Con su estilo peculiar, la escritora Cecilia Durán Mena nos relata, informa y nos sumerge en este caso en una costumbre mexicana, difícil de comprender en otras latitudes: la celebración en el cementerio en el “Día de los Muertos”.

 

“Este saber no sabiendo es de tan alto poder, que los sabios arguyendo,

jamás la podrán vencer”. San Juan de la Cruz.

 

La muerte es cosa seria y es de tan alta excelencia que no hay facultad ni erudición que la pueda entender, que la supere o la pueda vencer. Ya se sabe que es la única certeza con la que cuenta el ser humano. Esta sentencia de grave acento se toma con formalidad en el mundo y, al referirse a tan sublime figura, la humanidad se viste de negro, en signo del luto y respeto por los que ya no están. El dos de Noviembre, el calendario católico, rememora el duelo de la ausencia física y mira al cielo con tristeza y melancolía. En general, los países que celebran el Día de Muertos lo hacen con solemnidades tristes. En México la cosa es diferente.

Una de las tradiciones mexicanas más coloridas es la del día de muertos. Es una festividad extraordinaria que nos da identidad en el mundo. Aquí la cosa es seria hasta que nos gana la risa. Para los mexicanos, el dos de noviembre es el día en que las almas de los fallecidos tienen permiso de cruzar el puente que los separa de los vivos. Acá se les espera con regocijo y los preparativos del encuentro empiezan con varios días de anticipación.

La ceremonia inicia varios días antes de la fecha. Muchas familias trabajan en conjunto para hacer de ésta una gran ocasión. Los mercados locales ofrecen flores, pan de muerto, incienso, calaveras de dulce y todo lo necesario para construir altares. El primero de noviembre llegan los santos y los niños inocentes provenientes del Mictlán, la tierra de muertos. Al día siguiente, cruzan todos los demás difuntos.

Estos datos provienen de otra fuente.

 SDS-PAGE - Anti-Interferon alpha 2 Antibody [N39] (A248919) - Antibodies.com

La fiesta se lleva a cabo en el panteón. Las tumbas se llenan de colores y de luz. Se decoran con el naranja de las flores de cempasúchil, morado de la bola de obispo y el púrpura intenso de la cola de gallo; se iluminan con veladoras y se ponen mesas con la comida que más le gustaba al difuntito. Mucha gente acostumbra pernoctar en las tumbas de sus familiares.

Esta tradición se conoce como la vela del día de muertos. Cualquiera, que no sea mexicano, imaginará que es una costumbre tétrica, triste y fúnebre. Lejos de eso: es una festividad Todo mundo acude al panteón: niños, adultos, ancianos y pasan la noche cantando y cenando a un lado de los sepulcros. Hay mariachis, tríos, bandas, marimbas que tocan entre las tumbas. Nadie siente miedo ni hay porque sentirlo. Es la representación de una bienvenida cálida, alegre y amorosa como la que recibiremos nosotros cuando también hayamos muerto.

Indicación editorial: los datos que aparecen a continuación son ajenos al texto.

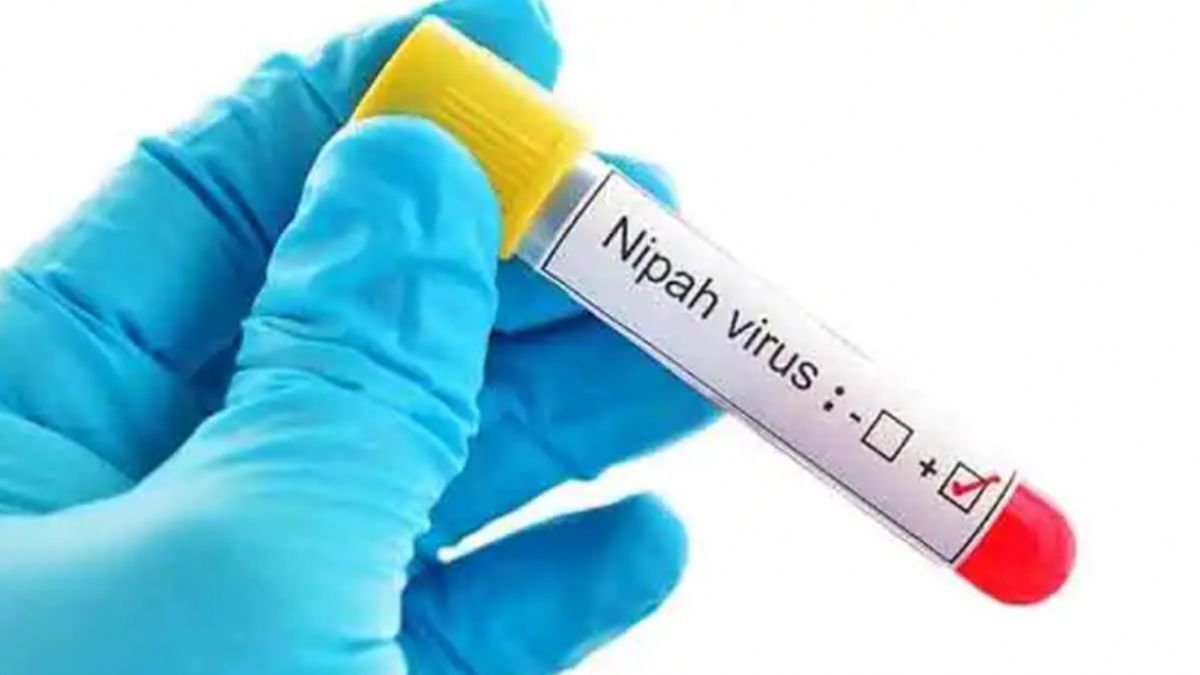 Nipah Virus: নতুন করে ভয় ধরাচ্ছে নিপা ভাইরাস, প্রাণ কাড়ল ১৪ বছরের কিশোরের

Los sentidos se regocijan: la vista es espectacular en la oscuridad nocturna, el viento frío de noviembre sopla entre las tumbas, el sonido de los pasos de la gente caminando por los corredores, los olores de flores y tasajo asado, los sabores del mole, chocolate y atole. Muchos beben mezcal y le invitan un trago a cualquiera que pase cerca. Se escuchan las canciones en vivo y a todo volumen, por supuesto, las que el occiso solía escuchar, sus favoritas. Hay grupos de personas riendo en el cementerio, muchos cuentan las anécdotas del familiar muerto. Se respira hermandad en el lugar de los muertos y en el camposanto resurge la vida.

Los extranjeros se sorprenden ante esta singular fiesta mexicana. Seguro se preguntarán, como lo hizo San Juan de la Cruz ¿La muerte, dónde está la muerte? Anda por ahí, bailando entre las tumbas con alguno que se quiere pasar de vivo”.